Starting with the opening line of the entries below, transcribe each line exactly up to and including the one that has "Minimalistische goldene Edelstahlkette"; pictures are not copied.
= = = =
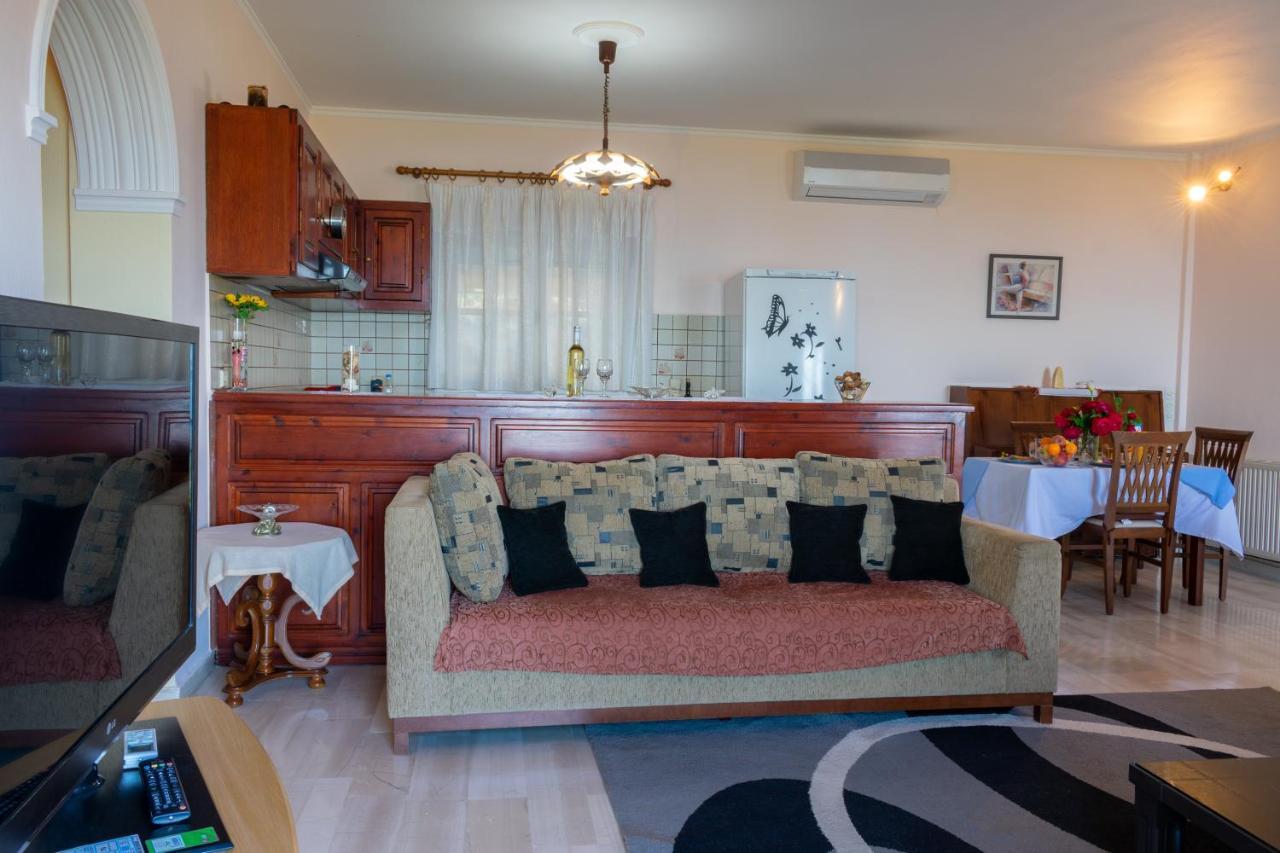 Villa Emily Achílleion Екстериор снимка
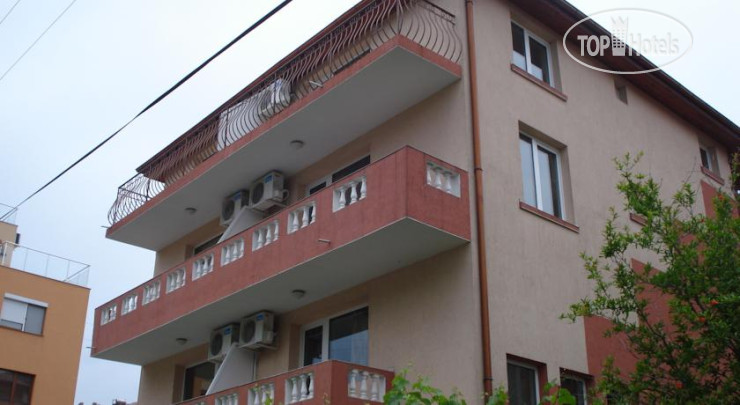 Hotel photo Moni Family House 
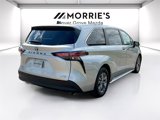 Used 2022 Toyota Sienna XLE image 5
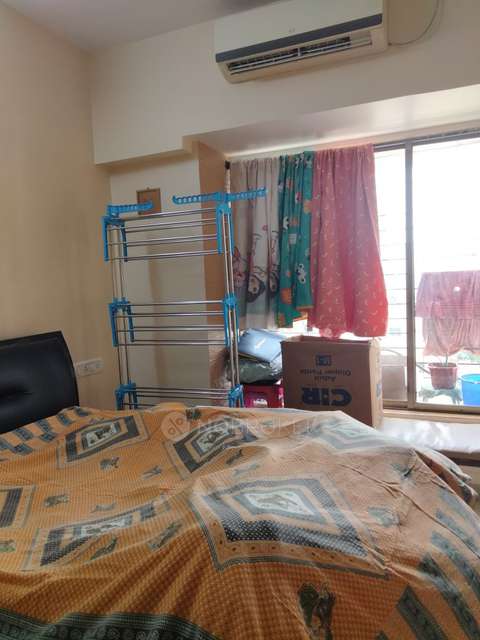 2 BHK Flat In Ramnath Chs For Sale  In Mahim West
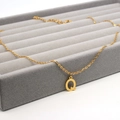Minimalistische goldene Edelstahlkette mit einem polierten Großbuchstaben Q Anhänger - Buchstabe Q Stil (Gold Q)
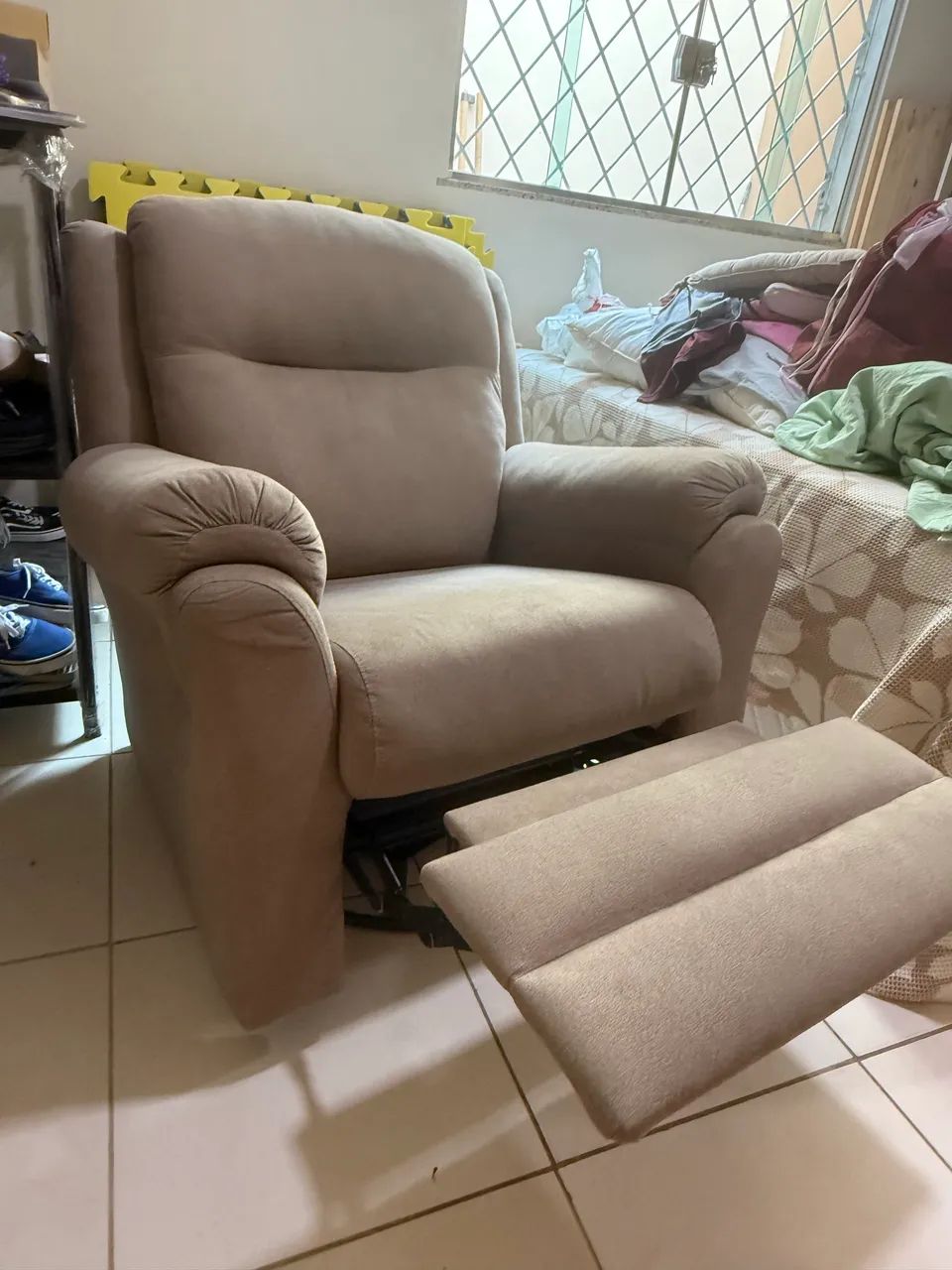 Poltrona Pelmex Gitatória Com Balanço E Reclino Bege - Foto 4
= = = =
» **The completed task**:
 Villa Emily Achílleion Екстериор снимка
 Hotel photo Moni Family House 
 Used 2022 Toyota Sienna XLE image 5
 2 BHK Flat In Ramnath Chs For Sale  In Mahim West
Minimalistische goldene Edelstahlkette mit einem polierten Großbuchstaben Q Anhänger - Buchstabe Q Stil (Gold Q)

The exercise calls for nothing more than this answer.